If Dwayne "the Rock" Johnson is two meters tall, that means that a giraffe is three Rocks high. A redwood tree can grow fifty Rocks tall, and the Hoover Dam is about 110 Rocks from top to bottom. If you laid 37,500 Rocks end to end, they would be able to reach from one side of Rhode Island to the other. Do the same thing with 2.45 x 10 to the 7th Rocks, and they'll stretch the length of Neptune. All of which pales in comparison to the size of the observable universe, to say nothing of all the things floating in it. 

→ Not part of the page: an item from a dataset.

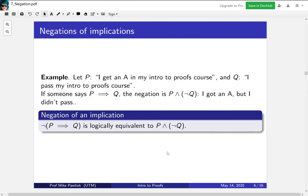How would you prove that P implies Q and P AND NOT Q are logically equivalent? You would use a truth table. As an exercise, you should do that.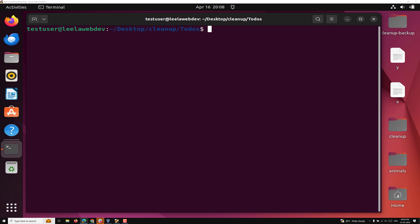Hi guys, this is Leela, welcome to my channel Leela Web Dev. In this video we will learn how we can work with multiple pipes — that means if you are having multiple commands and you want to use them with multiple pipes, how we can use it. I will try to show you with a simple example so that we can have a clear understanding about this.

The fraction of the universe that we're capable of reasonably assuming exists? It's at least 93 billion light-years across, per Futurism. Written long form, that's 4.65 x 10 to the 28th Rocks. If each one of them made their own hour and a half long Jumanji sequel, it would take longer than the universe has existed to watch them all. And that's just the observable universe. According to Live Science, researchers theorize that the sheer amount of existence outside humanity's field of vision could be incalculable, if not potentially infinite. At that point, comparing it to the size of a former professional wrestler would just be silly.

Space is big.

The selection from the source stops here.